Source records

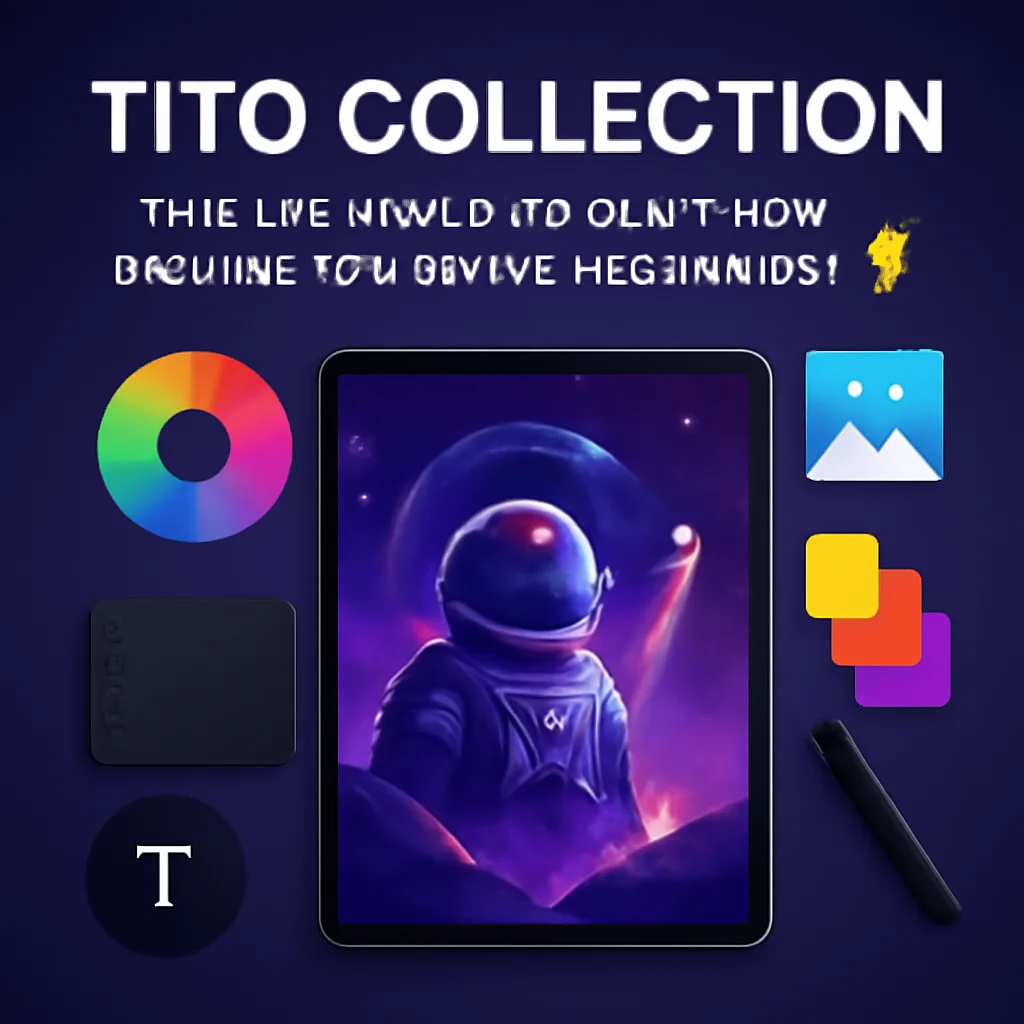 Elevate Your Art with the TempCraft Collection: 17 Premium 3D & Procreate Assets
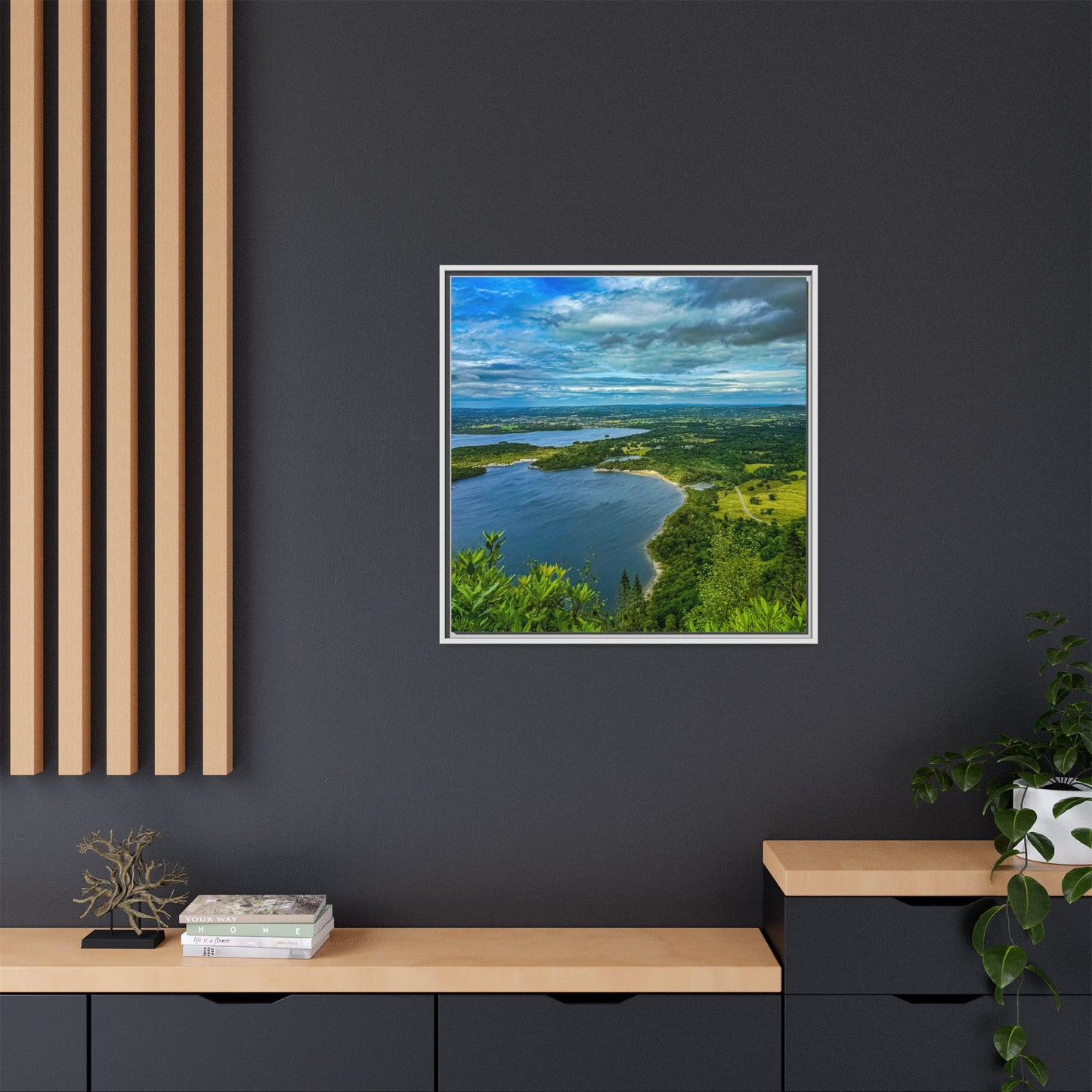 Killarney Trail 2 Matte Canvas, Framed (Multi-color)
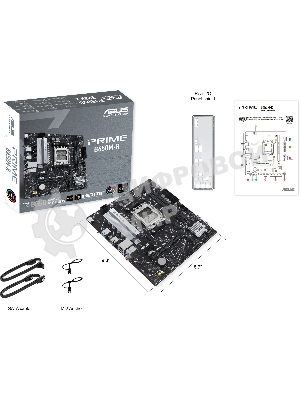 Материнская плата ASUS PRIME B650M-R, AM5, AMD B650, 2xDDR5, 4xSATA, 2xM.2, 1xPCIe 4.0 x16, 1xPCIe x1, HDMI, 1x2.5Gb LAN, 6xUSB, 3x3.5 мм, 7.1, microATX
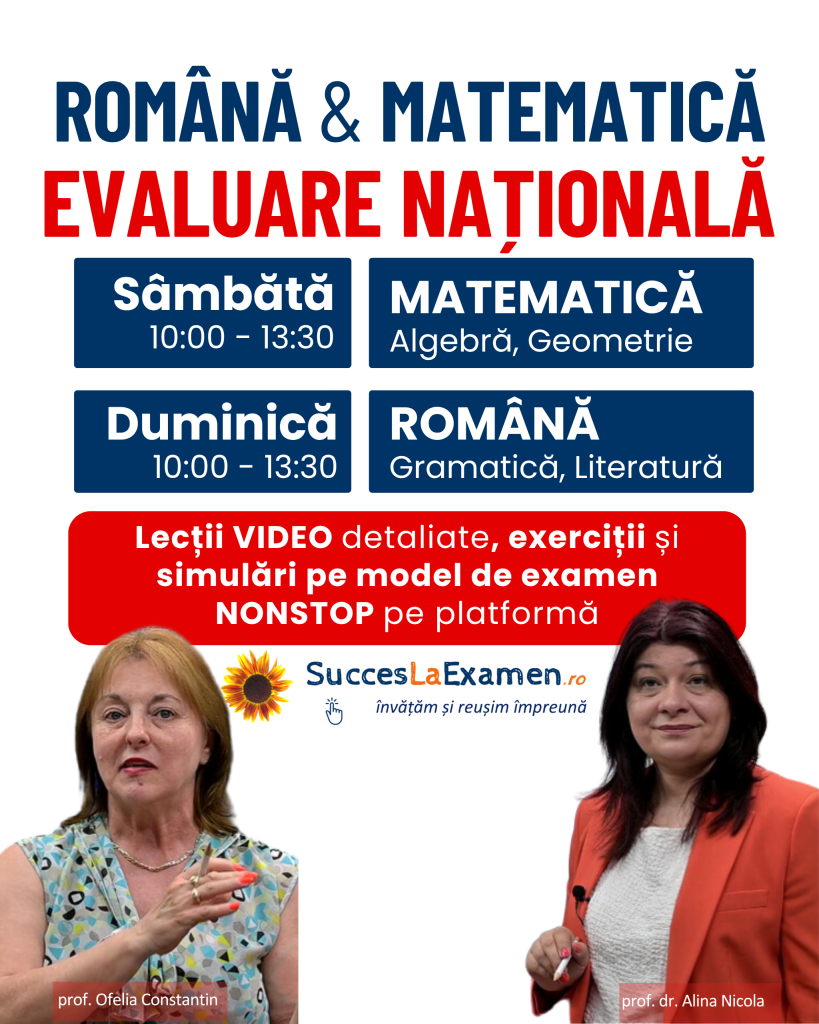 Evaluare Nationala 2027 - Pregatire completa la romana si la matematica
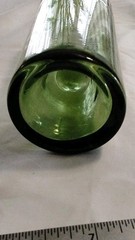 Green Glass Wine Bottle Quart Collectible Decorative Display Piece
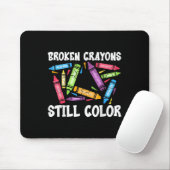 Zerbrochene Crayons immer noch Farbenbewusstsein f Mousepad (Mit Mouse)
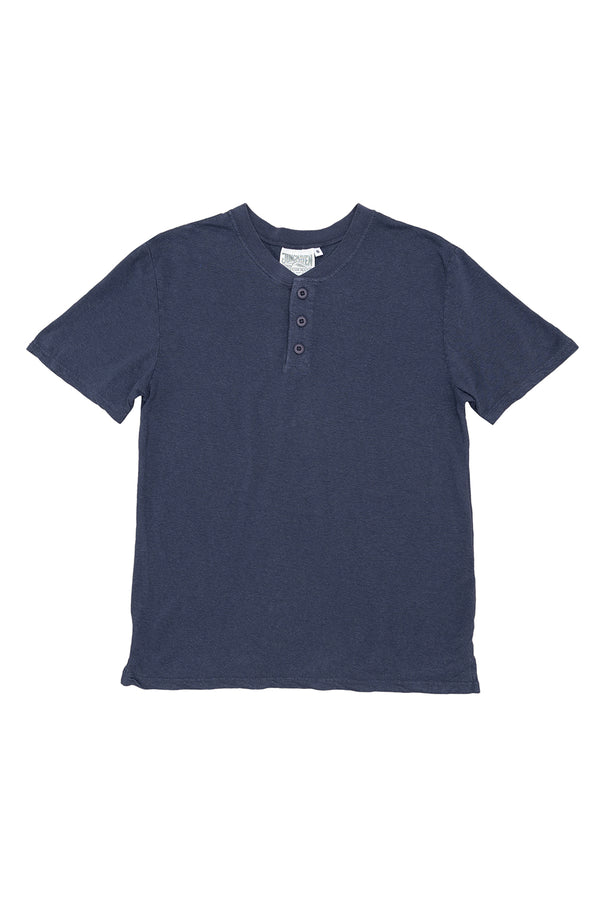 Pullman Henley Tee | Jungmaven Hemp Clothing & Accessories / Color: Navy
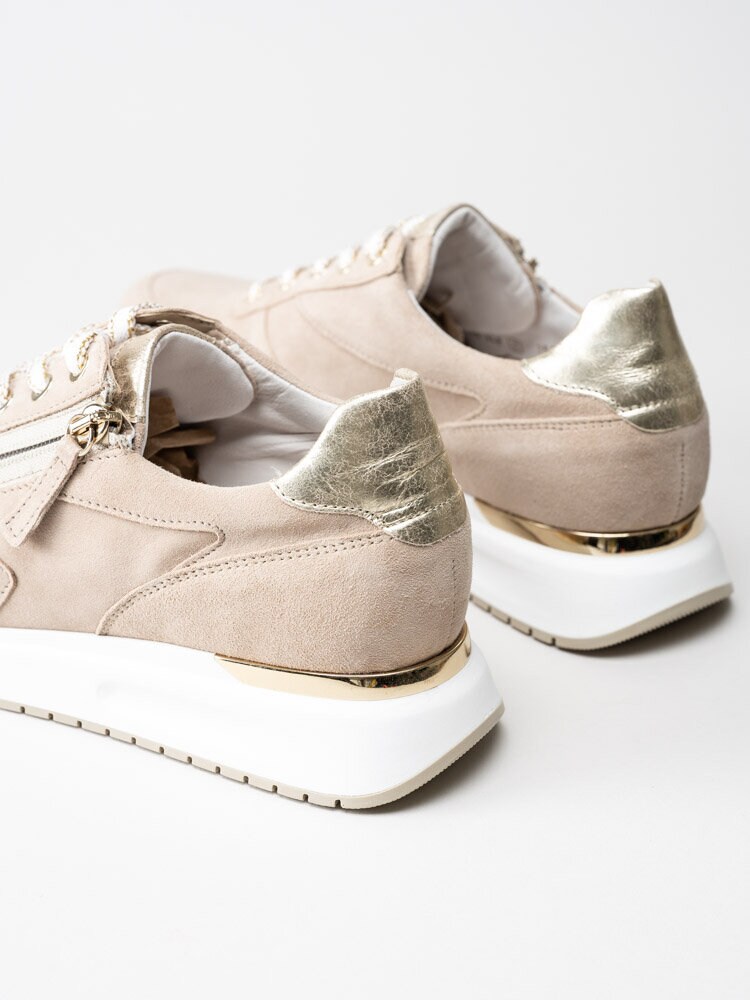 Gabor - Beige sneakers i nubuck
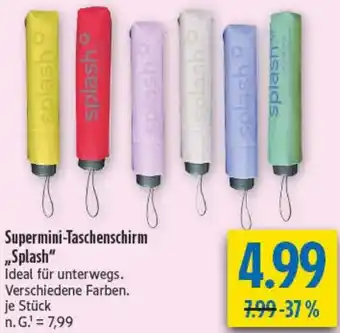 diska Supermini-Taschenschirm „Splash" Angebot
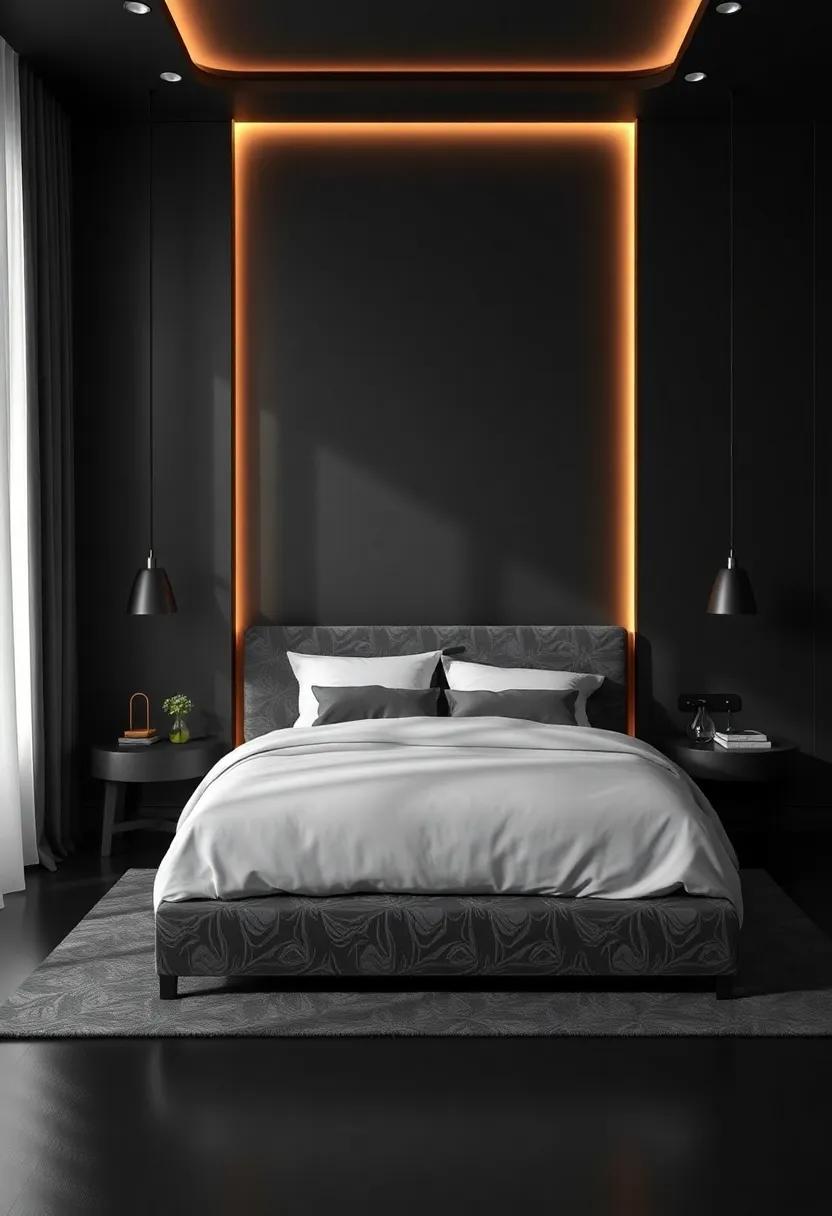 Layered Lighting: Creating‌ Depth on ‍Black Accent Walls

WHAT YOU NEED TO DO:
Pictures stay out of the copy. Reproduce exactly the lines from the one containing "Green Glass Wine" through the last line of the records above, both included.

WRITTEN RESPONSE:
 Green Glass Wine Bottle Quart Collectible Decorative Display Piece
 Zerbrochene Crayons immer noch Farbenbewusstsein f Mousepad (Mit Mouse)
 Pullman Henley Tee | Jungmaven Hemp Clothing & Accessories / Color: Navy
 Gabor - Beige sneakers i nubuck
 diska Supermini-Taschenschirm „Splash" Angebot
 Layered Lighting: Creating‌ Depth on ‍Black Accent Walls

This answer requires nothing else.